HOME » Hot Features » New + Noteworthy » New + Noteworthy - Loyal Dining
Loyal Dining has a prime location -- four stories from the ground up (the top floor is the kitchen). Yet instead of packed with a hundred diners at the same time, tables are loosely placed and surrounded by spacious comfortable booths under dim lighting, much like a restaurant set pulled straight from a 60s movie. The kitchen produces real food, dishes that are diverse in selection from three square daily meals to afternoon tea items and evening dimsum

The Chinese name "Loi Lo" is a translation from the Cantonese words for foreign imports back in the 60s and 70s. Dishes served at the restaurant lends local influence in Western dishes. Among these dishes are Western dishes with local twists that help morphing these dishes into a new genre all on their own. Here are some of the signatures we sampled.

The "66 Beef Wellington" has a no-mistake title. For those who aren't familiar with this dish, fillet of beef is encased in buttery pastry and then baked until golden. Here at Loyal Dining a Foie gras pate is smothered all over a piece of Angus beef, then jacketed with strips of Parma Ham before encased with the buttery pastry. Baked golden and served on a sizzling plate with a mélange of vegetables and a baked potato, the pastry was as buttery as a local chicken pie, but not nearly as flaky though. The beef within was bland for an Angus beef while the pate melted into the Parma ham, all imparting a homogenous taste of mashed luncheon meat surrounding the meat rather than goose liver and Parma ham as suggested.
Baked Pork chop with fried rice and sunny side egg ($78) is sunny as its name suggested. The eye-catching tomato sauce enrobes a beautifully-done fried rice with golden flakes of eggs within the rice. The sauce is sweet with just enough of tartness, yet the porkchop suffered the same issue we came across with the Beef Wellington - the meat was softer than usual and lacking a meaty flavour to it. We strongly suggest breaking the egg yolk and let the molten yolk mixes into the rice.

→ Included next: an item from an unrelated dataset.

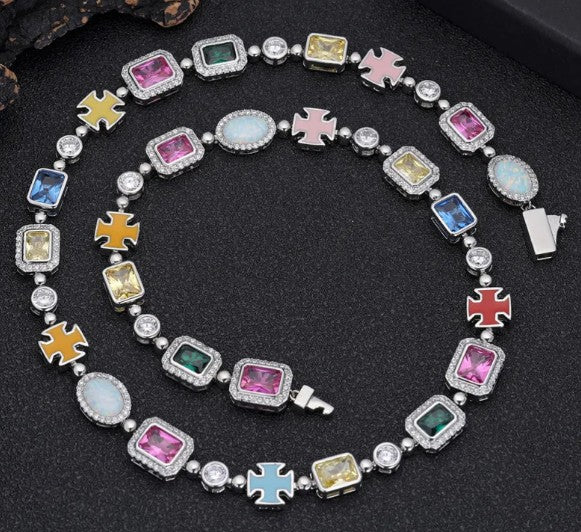 Gold-Plated Color Gemstone High End Necklace - Bracelet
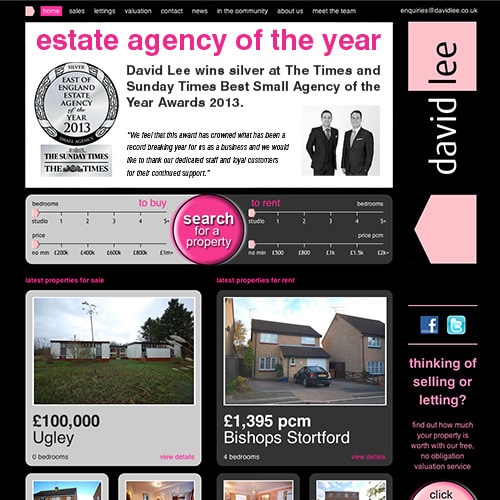 David Lee Estate website homepage design Thumbnail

The versatility of Loyal Dining's Sweet Soya sauce is well demonstrated with the Loyal Pigeon ($98 each) and with Loyal Fried Flat Noodles with sliced beef ($75). The pigeon is painted in a glossy dark brown coat with extra sweet soya sauce on the side. The soya sauce has a complex taste benefited from notes of caramel from the sugar added. The sweetness penetrated into the meat of the pigeon which is also moist and tender.
The Fried Flat Noodles with sliced beef will inevitably be compared to that at Tai Ping Koon, yet with a similar flavour profile Loyal Dining's version adopts a thinner flat noodles that are more translucent and less fragile than an ordinary rice noodles. The sweetness from the soya sauce used is also taken down a notch from the final taste of the dish.

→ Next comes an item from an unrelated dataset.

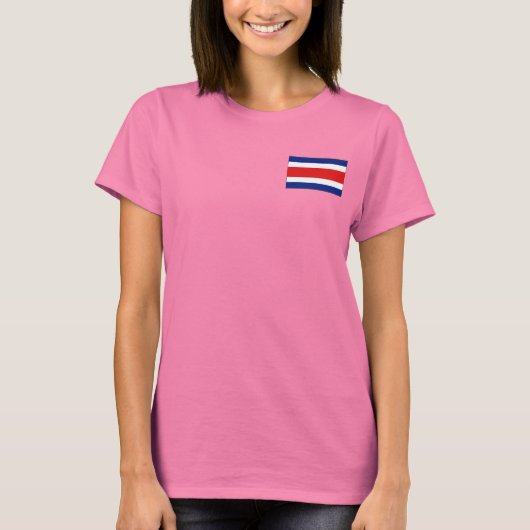 コスタリカの旗と地図のTシャツ Tシャツ (正面)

Deep fried Prawn Toast ($45/ 4pcs) are golden triangles of deep fried toast filled with mashed prawns. While the toasts were perfectly golden, the toasts turned out too oily and the fluffy prawn filling lacked texture. The Loyal Thick Toast with preserved Beancurd with Caster sugar ($15) is simplicity on its own. The toast is the thick but not evenly toasted. A thin smear of preserved tofu is followed by a blizzard of caster sugar - combining salty and sweet with a crunchy texture on the toast which can benefit with a more even toasting and a little more preserved tofu for a more balanced flavour.

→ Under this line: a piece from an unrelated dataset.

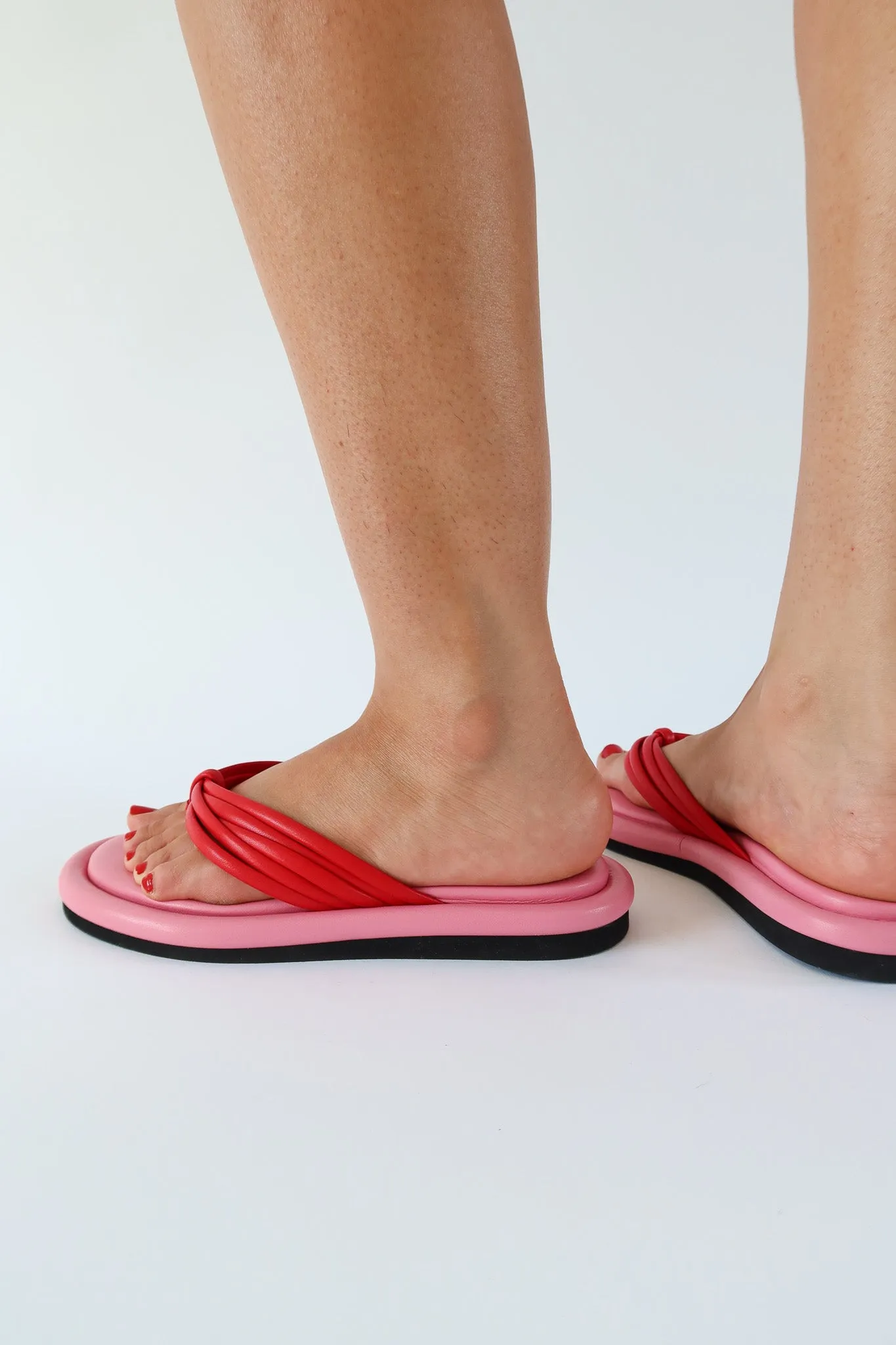 harper pink cherry thong sandal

>Among desserts we sampled the Loyal Soufflé ($78), a show stopping stunner. While the entrance was spectacular, the soufflé was too brown on the top and the risen sides, which refused to deflate after a couple of minutes. Getting through the jiggly surface came an incredibly soft undercooked centre. It tasted positively eggy and light yet it brought no resemblance to a proper soufflé. Some beverages are blasts from the past, such as Mixed Cream Soda with Milk ($32) simply mixes bottled cream soda with fresh milk - letting the flavours fuse and form a sweet and creamy concoction. The Red Bean ice with Haagen-Dazs ice cream ($35) has the original looks and rightly proportioned red bean and ice cream. The ice would be best shaved than left chunky.
With a high profile opening Loyal Dining intends to take diners on a nostalgic journey through the food of the past with a modern twist, as well as an all day dining outlet that caters what everyone likes from stir-fries to dimsums (at night and weekends). Some signature dishes do require further tweaking to be redefined as new classics.